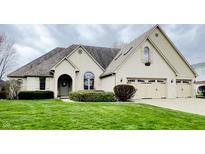 Charming single-Gathering home boasts a well-manicured lawn, arched entryway, three-car garage, and a beautifully landscaped front yard at 5949 Willow Bend Dr, Avon, IN 46123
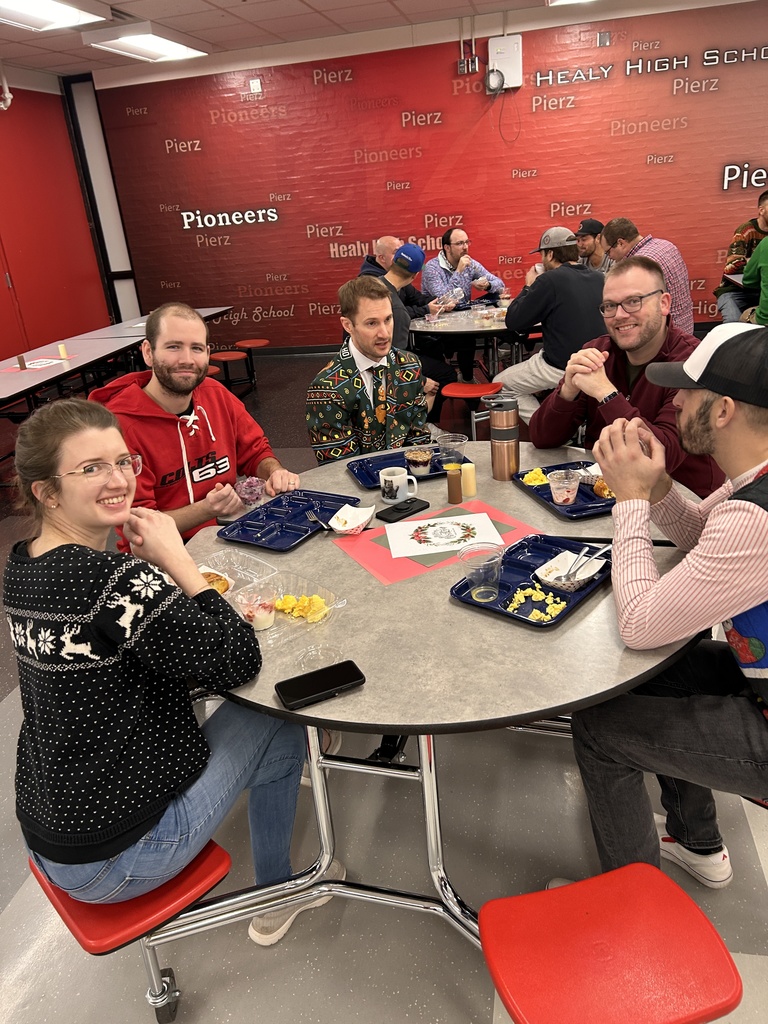 teachers looking at camera eating breakfast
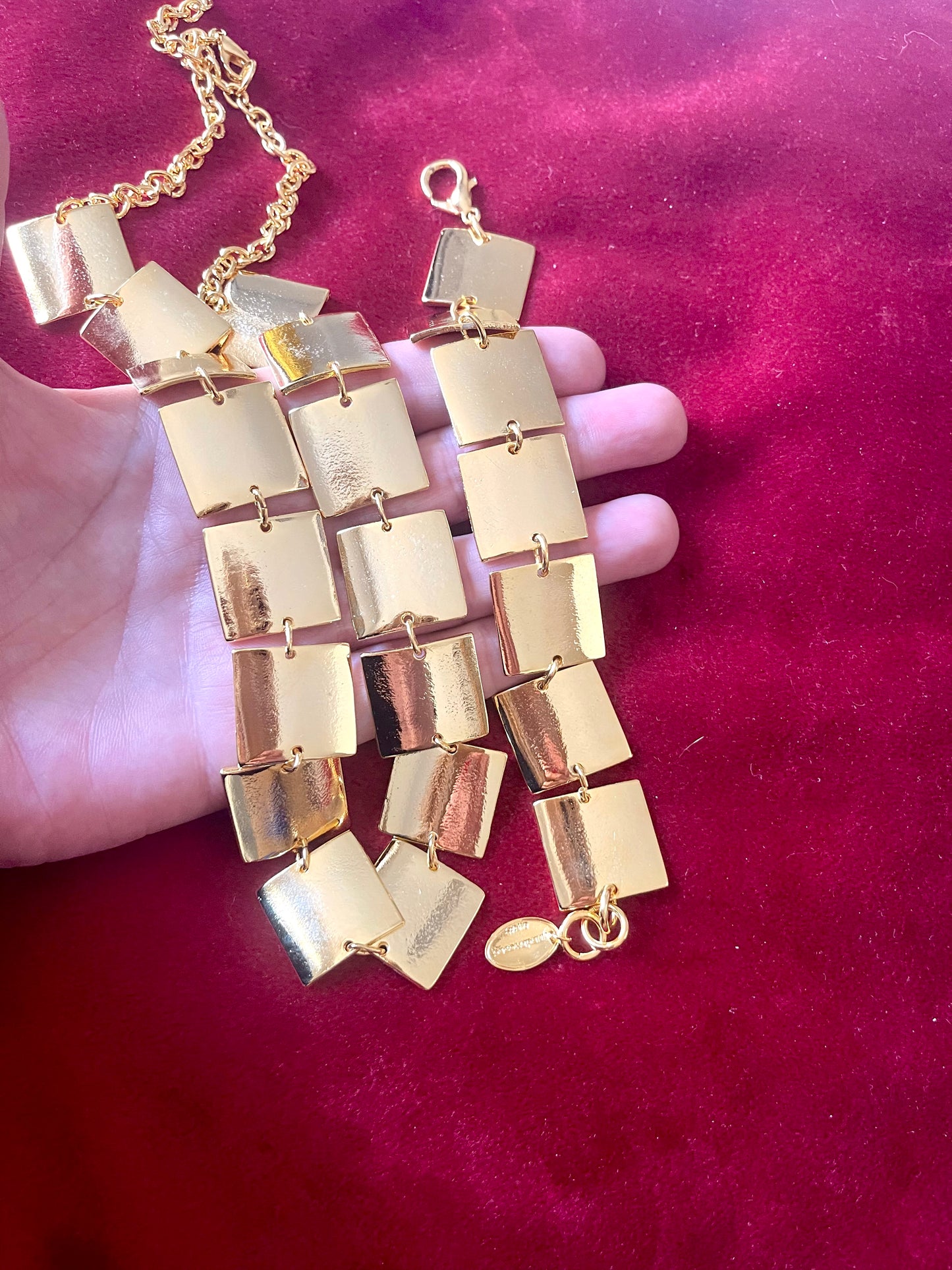 Upper view Close up of Iconic Paco Rabanne vintage gold plated jewelry set , bracelet- necklace refurbished 18KG on hand and red background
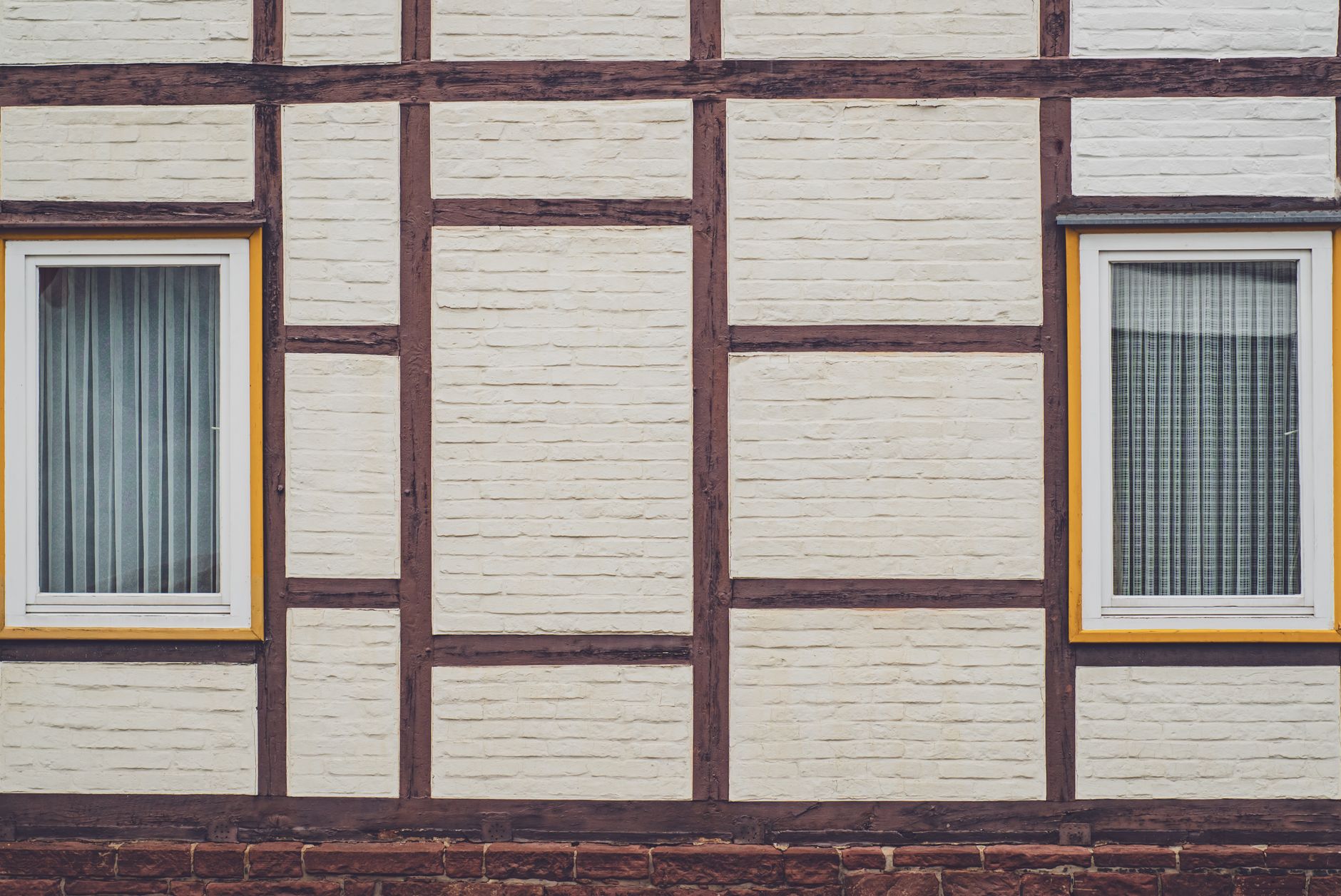 Detailed view of a half-timbered wall with two windows, highlighting traditional architecture.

WHAT YOU NEED TO DO: Transcribe each line of the material above verbatim, but do not include the images.

TASK OUTPUT:
 Charming single-Gathering home boasts a well-manicured lawn, arched entryway, three-car garage, and a beautifully landscaped front yard at 5949 Willow Bend Dr, Avon, IN 46123
 teachers looking at camera eating breakfast
 Upper view Close up of Iconic Paco Rabanne vintage gold plated jewelry set , bracelet- necklace refurbished 18KG on hand and red background
 Detailed view of a half-timbered wall with two windows, highlighting traditional architecture.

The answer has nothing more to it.